Deluxe, known as the provider of paper checks, isn’t counting on customers clinging to checks forever, but a pivot to faster-growing segments hasn’t come quick enough to stem a revenue decline.
While only about 2.5% of consumer payments are still made by check in the U.S., after years of decline, business and government are still dependent on checks. President Donald Trump is fueling the latest shift away from that inefficient paper product, mandating that federal government agencies toss aside the use of checks by the end of September.
Minneapolis-based Deluxe understands the direction the payments industry is headed. The company is leaning into its non-paper enterprises, with payments processing; business-to-business payments services; and the sale of marketing data now accounting for two-thirds of its $2.1 billion in annual revenue, Deluxe CEO Barry McCarthy said in an interview this month. Meanwhile, the sale of checks drives just $700 million of income.
“We've been very, very clear that we are taking the company's legacy in paper payments to grow a large digital payments and data business,” McCarthy said. “We are taking the resources, the relationships, the brand recognition, the trust we have on the paper payment side to build tremendous momentum on the digital payment side.”

The 21st-century strategy appears to be working. The publicly-traded company doubled its net income last year to $52.9 million over 2023 on a revenue increase of 5.4% to $384 million, according to its annual filing in February with the Securities and Exchange Commission.
McCarthy is pivoting Deluxe’s focus after consolidated revenue for the company declined last year by 3.2%, “due to the continuing secular decline in order volumes for checks, business forms, and some business accessories,” according to the annual filing.
On the flip side, the company’s fastest-growing business revolves around the trove of data it has collected from more than 100 sources, including its consumer customers over the years. That marketing business, based in New York, is growing at a 20%-plus clip annually.
The data includes everything from information on divorces and car leases to births and elderly parents to business locations and new bank accounts. Then it sells that information to businesses focused on servicing consumers, such as property and casualty insurers, telecommunications companies and retailers.
“We know all of this information at massive scale, I think it's over a trillion unique pieces of data about small businesses and consumers in the United States,” McCarthy said. “All of those businesses hire us to provide them a target list of who to go market to, and then we can deliver the marketing message all the way to that end customer.”

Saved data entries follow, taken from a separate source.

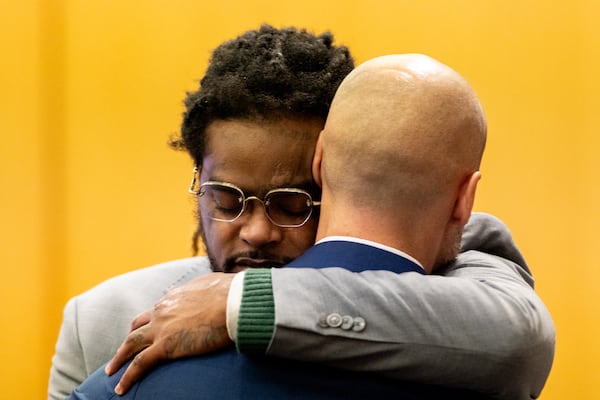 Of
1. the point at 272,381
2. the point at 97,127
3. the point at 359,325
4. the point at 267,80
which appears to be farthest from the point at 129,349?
the point at 97,127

To be sure, the data business is still the smallest of Deluxe’s three non-check segments, accounting for 11% of revenue. The other two, including payments processing and business-to-business payments services, drive 18% and 14%, respectively, according to the SEC filing.
In the processing business, Deluxe competes against the larger payments processors, such as Fiserv and Global Payments, by pitching itself as a more customized option, McCarthy said. The merchant acquiring services include managing credit card and debit card acceptance for small to mid-sized businesses. Clients include independent sales organizations, insurers, niche retailers and banks that resell the services, as well as government entities.
The bigger rivals “are so largescale, they have to do it one way and one way only,” McCarthy said of his larger competitors. “If you want different settlement windows, you want different feature functionality, it's very hard for them.”
McCarthy knows the processing business well because he spent 14 years at the processor First Data before it became Fiserv. After being appointed CEO of Deluxe in 2018, he focused the company’s strategy, partly by divesting some entities that didn’t fit with the other major parts of the business.
The third non-check segment at Deluxe is its business-to-business division that offers accounts receivable and payable services to companies as they shift their payments processing away from paper-based methods.
About “40% of those (business) payments are still made by paper check today, both inbound and outbound, so there is still a massive opportunity,” McCarthy asserted.
Despite the Deluxe’s efforts to move away from its more traditional manual services for businesses, more than half of the company’s revenue, 57%, still comes from paper-based products, including promotional materials and business forms, according to its annual filing.
McCarthy knows that Deluxe needs to do a better job of marketing its non-paper services if it wants to keep building its electronic payments business. “We have marketing and sales work to do to get the story out,” he acknowledged.